Allereerst: er bestaan (in musea en voor specifieke doeleinden) ook nog analoge computers, waarbij de spanningsgrootte uitmaakt. In een circuit gaat het dan meer om ‘aan’ en ‘uit’ alleen. Alleen: binair (dus met enen en nullen) bleek voor de meeste computers het handigst.
Wil je zelf binair kunnen rekenen (zodat je weet wat je doet), dan kun je twee dingen doen. Allereerst: excel kent een functie om de ascii-code van een symbool weer te geven. Als je invoert =CODE(“A”) dan krijg je als resultaat: 65.

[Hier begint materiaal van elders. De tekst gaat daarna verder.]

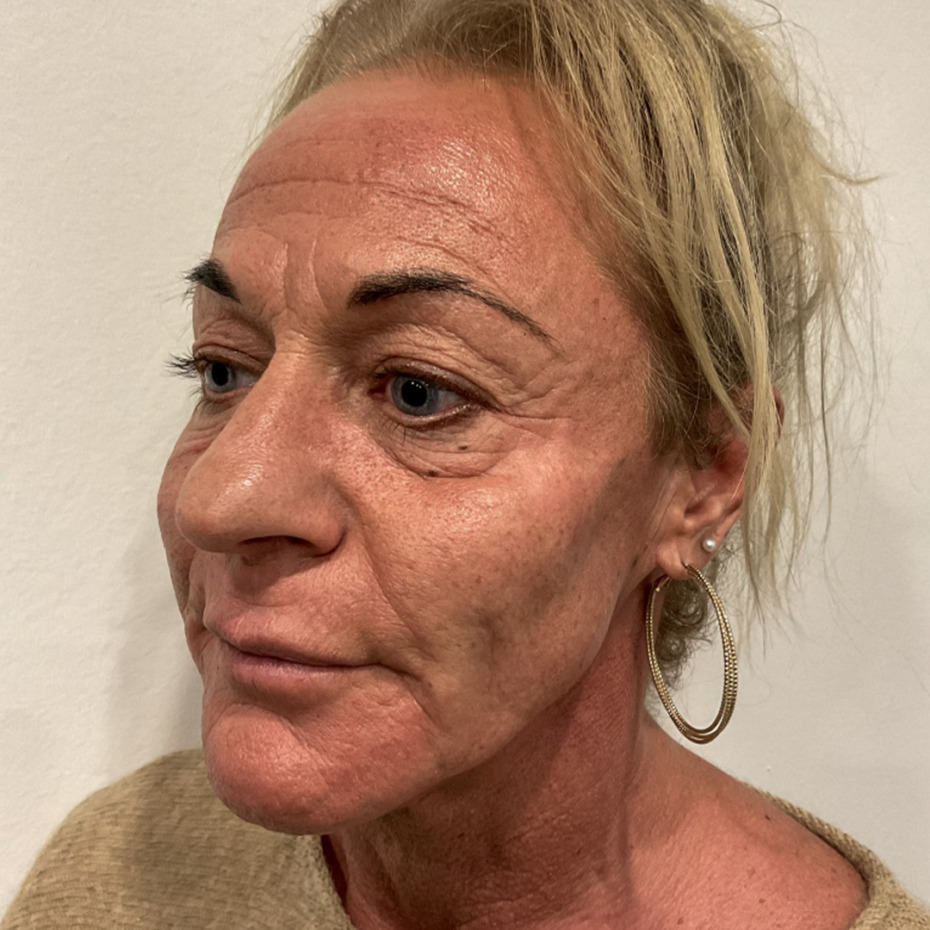 kombinationsbehandling-efter1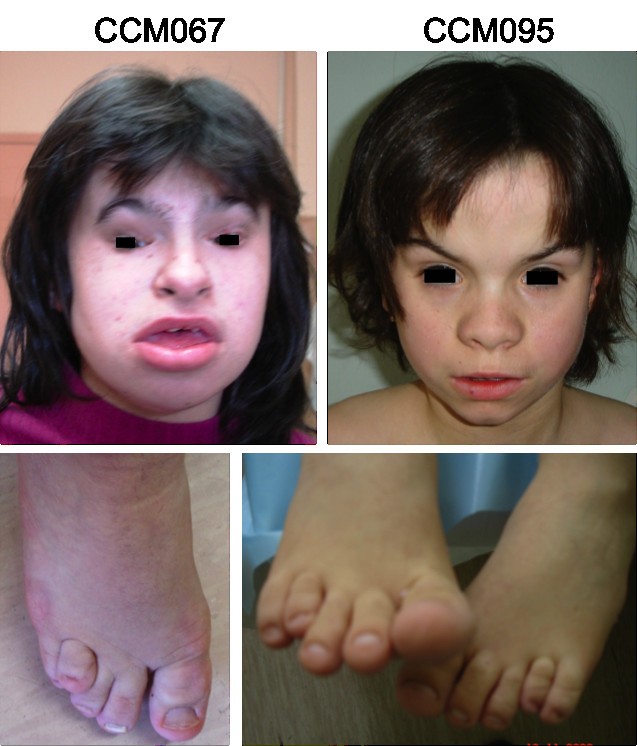 DandyWalker malformation and Wisconsin syndrome novel cases add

Bekijk nu hetvolgende rijtje:
128
64
32
16
8
4
2
1
Het zijn machten van 2: ieder getal is een verdubbeling van het eronder staande.

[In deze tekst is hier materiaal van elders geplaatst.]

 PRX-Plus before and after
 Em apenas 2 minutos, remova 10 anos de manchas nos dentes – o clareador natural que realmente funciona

Als je al deze getallen bij elkaar optelt, krijg je 255. De binaire code voor het getal 255 is 11111111. Die 8 eentjes staan voor 128, 64, 32, 16, 8, 4, 2, 1.

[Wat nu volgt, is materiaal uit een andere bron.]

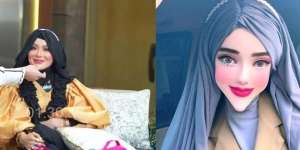 Potret Yuni Jasmine PNS Viral Berdagu Lancip, Wajah Aslinya Dibongkar Dr. Richard Lee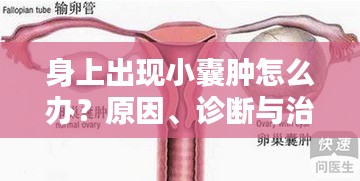 身上出现小囊肿怎么办？原因、诊断与治疗方法全解析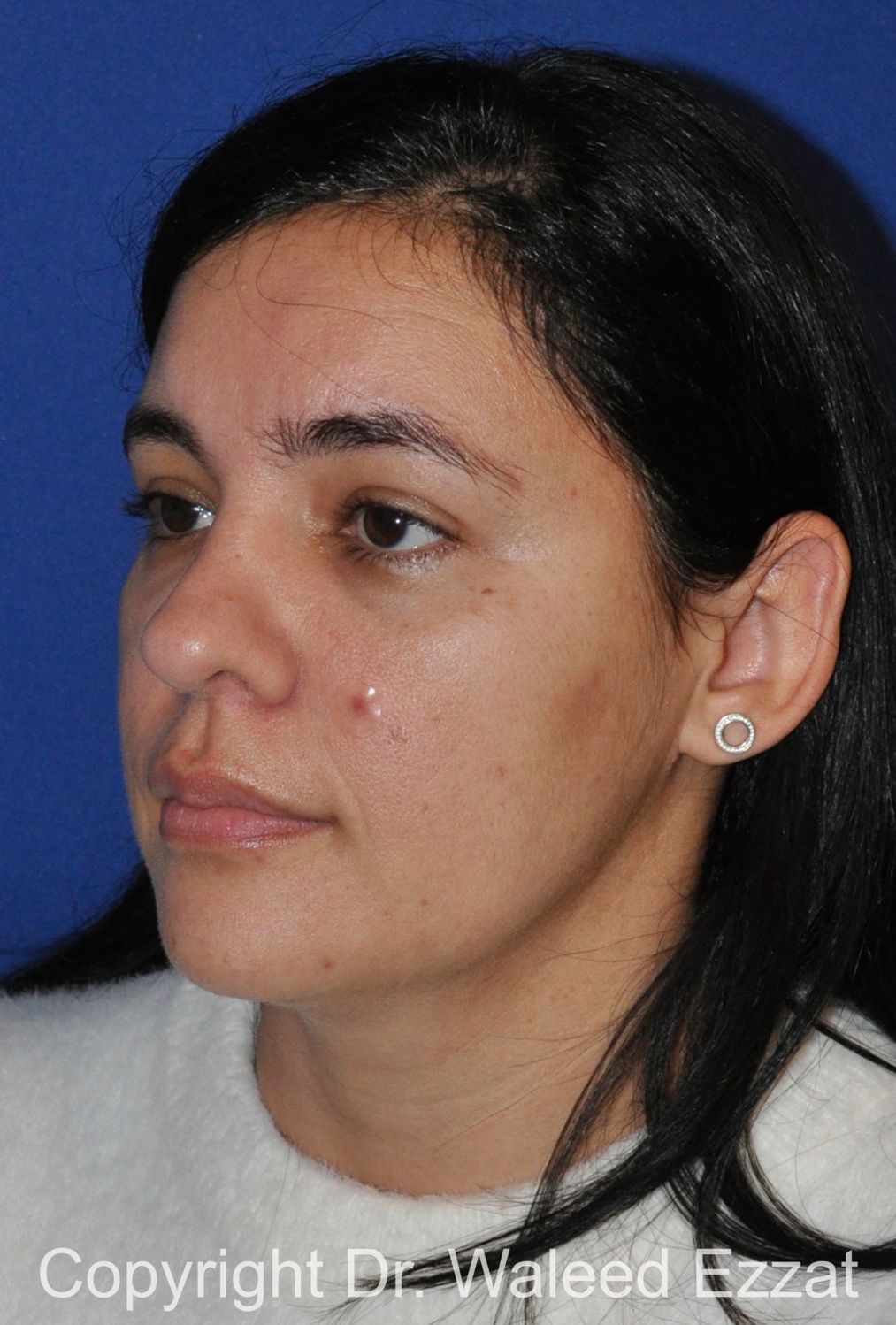 Hispanic/South American Rhinoplasty Patient Photo - Case 289 - after view-1
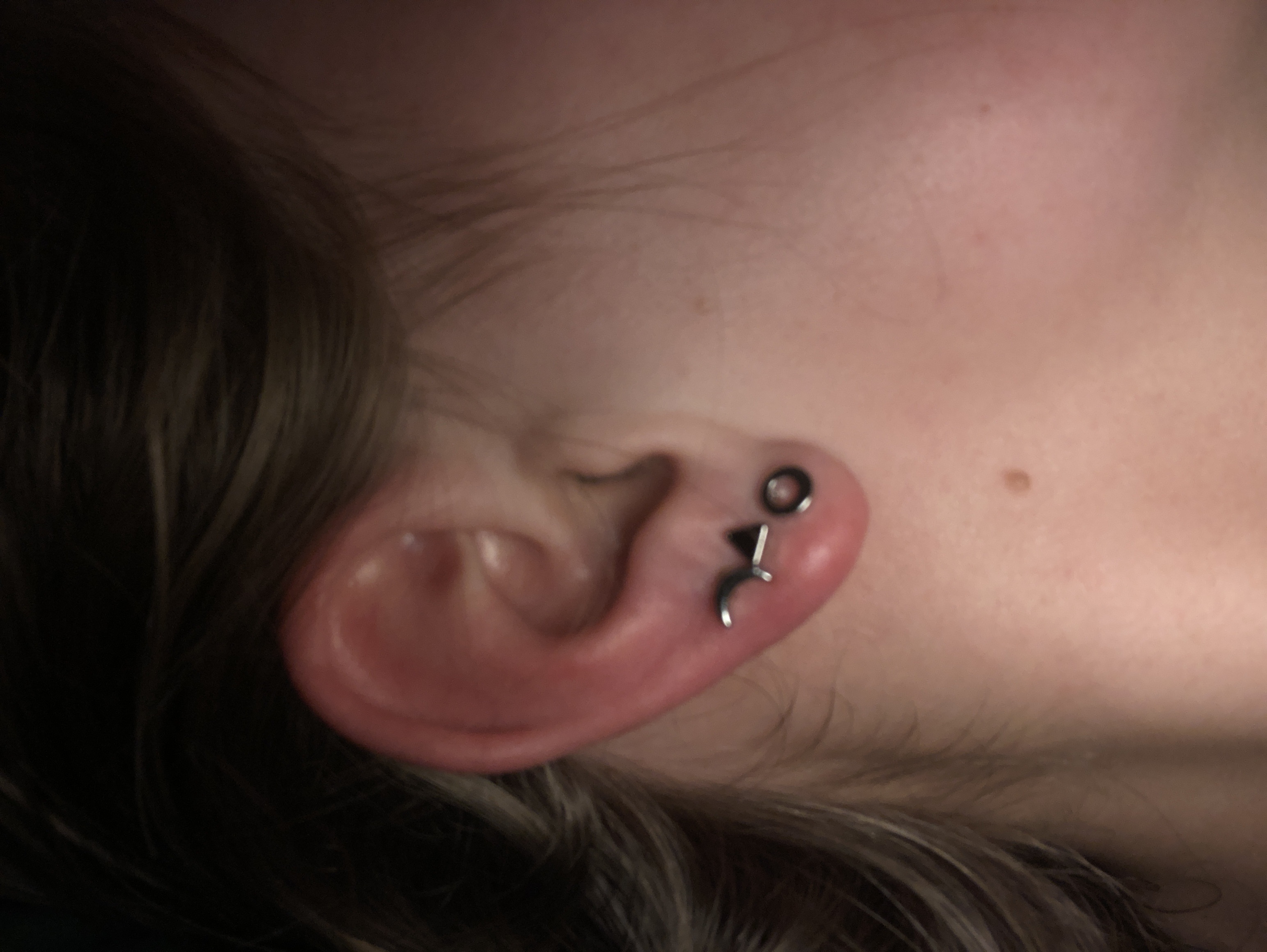 Picture for question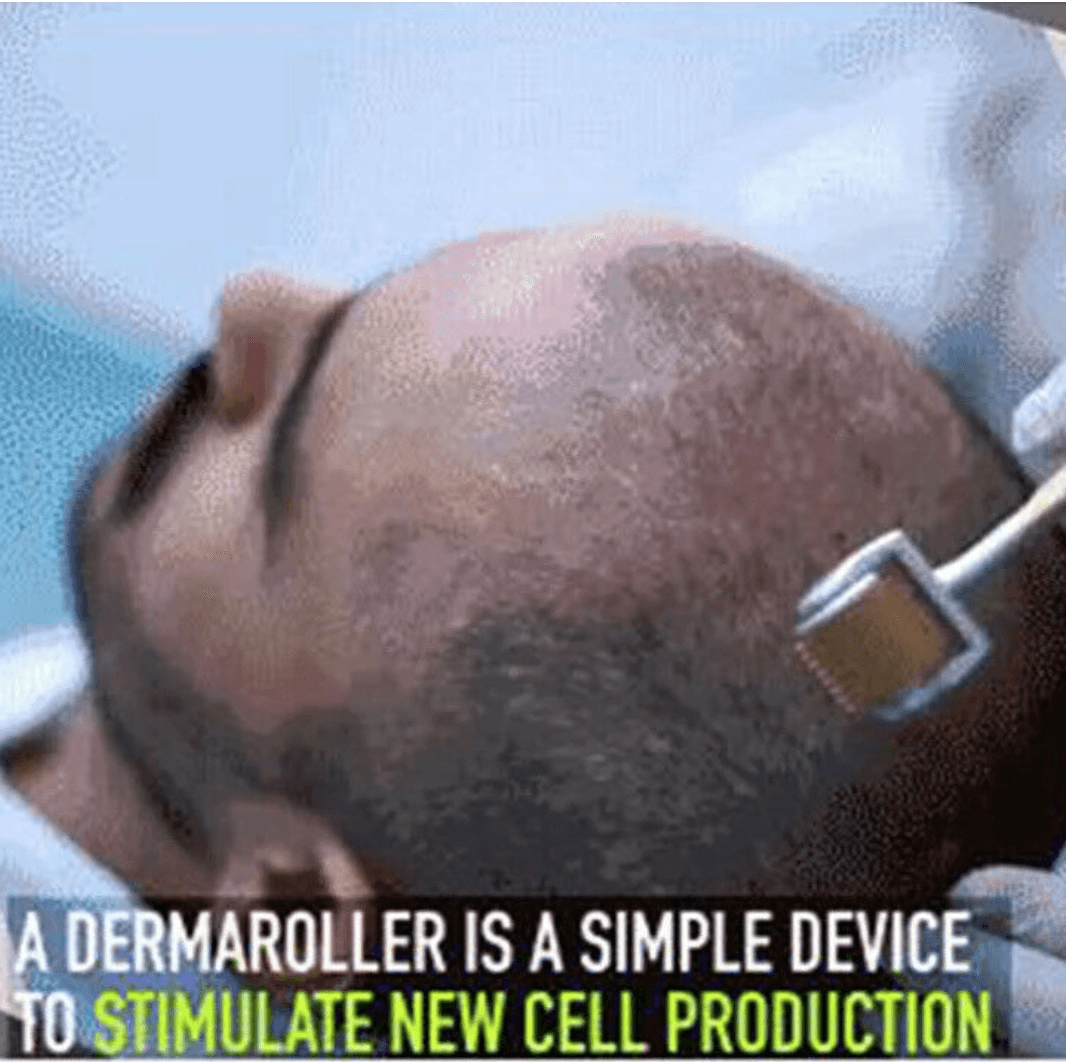 Micro Aiguille À Rouleau Dermique Pour Le Visage Et Les Cheveux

Wil je nu de binaire code van ‘A’ weten, dan reken je de A met excel om naar 65.
65 kun je maken door 64 en 1 op te tellen. De binaire code wordt dan dus:
01000001.
Nog een voorbeeld: de R van Remco is 82. Dat is dus 64+16+2. Dat wordt dus:
01010010
Zo kun je vervolgens alle letters en cijfers omrekenen naar ascii-code en handmatig naar binair doorrekenen. Overigens is het niet logisch dat een A correspondeert met 65. Dat is ooit een keer zo afgesproken.
Of je kunt het natuurlijk ook op een website doen, natuurlijk.